The Town of Carlisle, like many towns in MA, has several facilities on utility rate schedules where 70% or more of the bill is composed of “demand charges” that are based on the highest demand used by the customer in the billing period. In the case of the Carlisle Public School, each kW of peak demand in the period costs $19.19 and with typical peaks exceeding 250kW, a 10% reduction is worth over $480/month. If rumored increases in demand charges come true in 2016 and beyond, the risk of doing nothing could cost an extra $5,000 to $15,000 per year at the school alone. Carlisle, like many towns, is driven to efficiency by an Energy Task Force composed of top-flight “professional volunteers”, and there is general agreement that a data-driven approach to understanding the current usage profiles is key to determining the next best conservation measures they might employ.
Solutions & Opportunities
With funding from the MA Green Communities Grant Program, AEI continues to develop a baseline of utility usage for the Town of Carlisle.
In 2015, the Carlisle Public School complex had an average electric demand of 52.3kW, yet regularly had peak demands five times that.
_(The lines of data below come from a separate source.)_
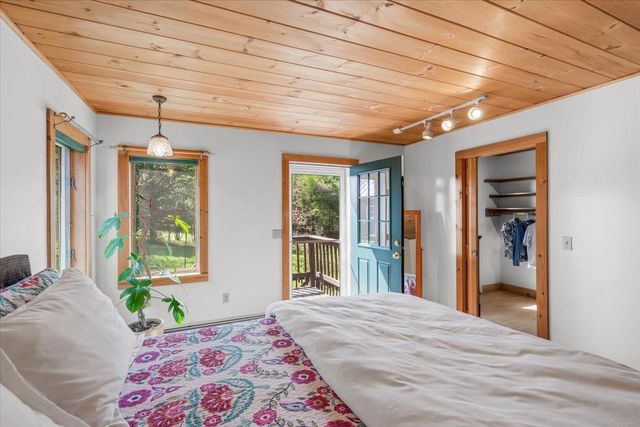710 Rocky Road, Johnson, VT 05656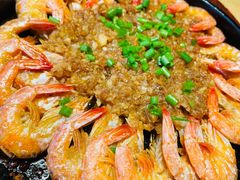 铁板大虾-鸽子窝(黄村店)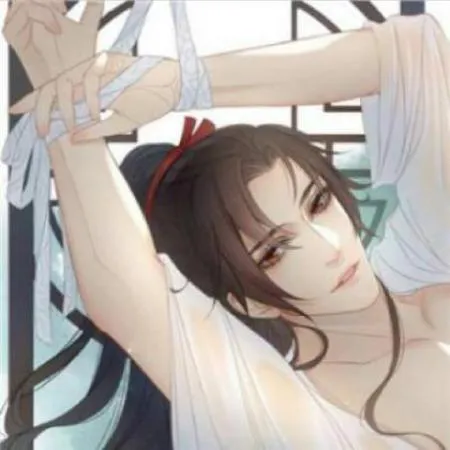 微信男头像古风帅气第1张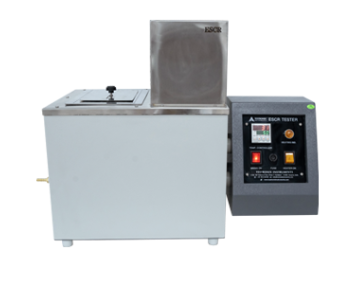 Stress Cracking Resistance Tester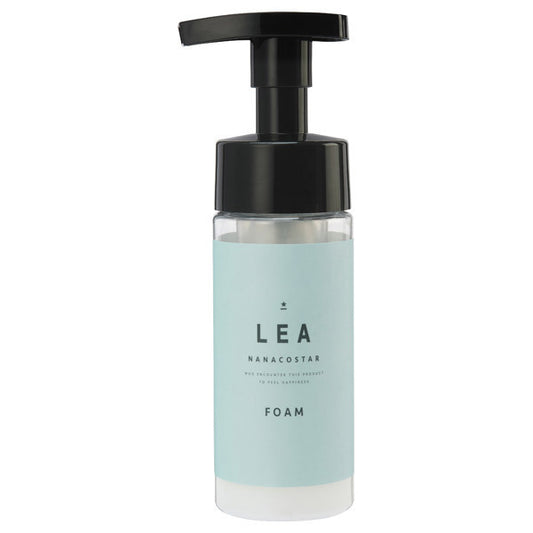 NANACOSTAR LEA Foam Treatment (Orange Bergamot), 120ml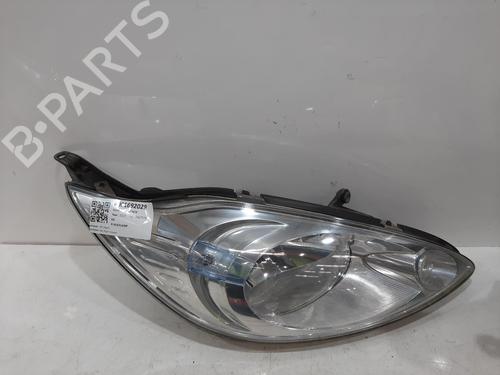 Used Right headlight Right headlight FORD KA (RU8) 1.2 (69 hp) 34101489 34101489
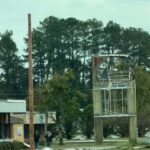 Tornado warnings issued across Eastern North Carolina amid severe storms - WCTI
In the worst-case month of September, the school hit its peak on the first day of school when all of the buildings were at full tilt, with outside air at 91°F. The peak demand for that month was 349.8kW, nearly 7 times the average month. That first day of school cost the Town $2,000 in demand charges compared to an “average” month when the peak demand is around 250kW.
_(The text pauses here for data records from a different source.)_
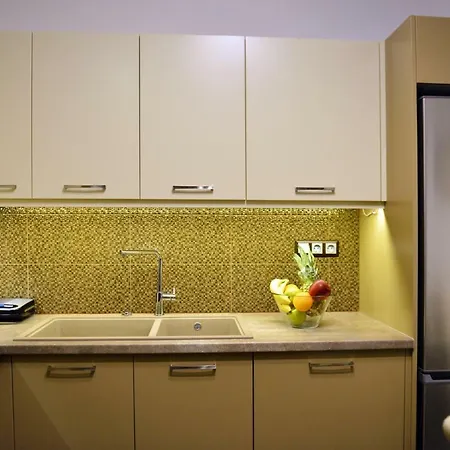 Melina Skiathos * Kolios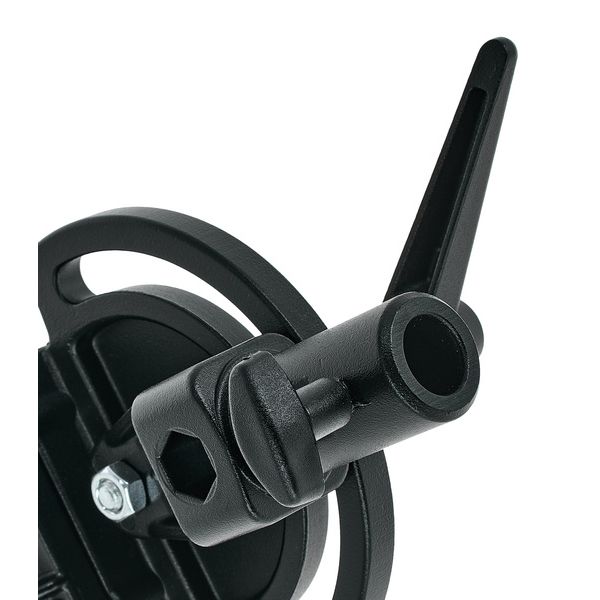 Manfrotto 123 Super Boom Pivot Clamp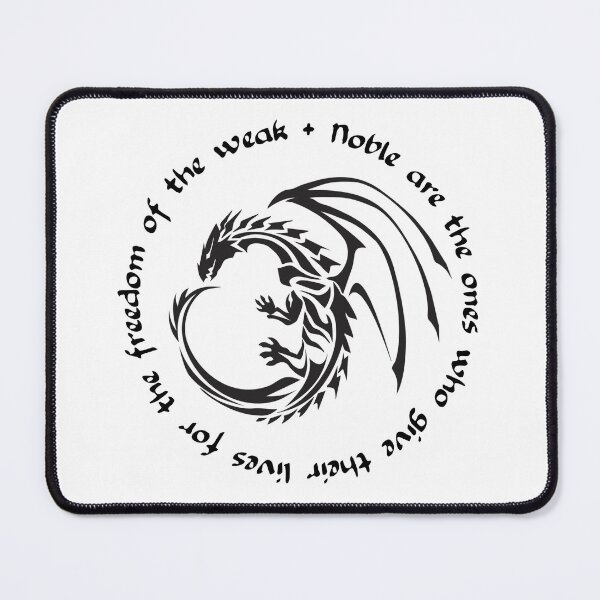 Item preview, Code of the Dragon designed and sold by User70.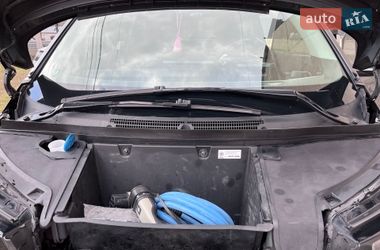 Хетчбек BMW I3 2016 в Вінниці фото 8 Хетчбек BMW I3 2016 в Вінниці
AEI is proposing to Carlisle that we engage targeted low-cost sub-metering at key panels in the facility to learn the best opportunities for peak demand mitigation when weather and occupancy indicate that a peak for the billing period is imminent. In light of rumored increases in demand charges, a sub-metered approach to understanding the load profiles is also a low-cost insurance policy for the future. Reducing peaks also has the nice side-effect of reducing overall demand. In the case of CPS, a 10% kWh reduction is worth about $1,200/yr.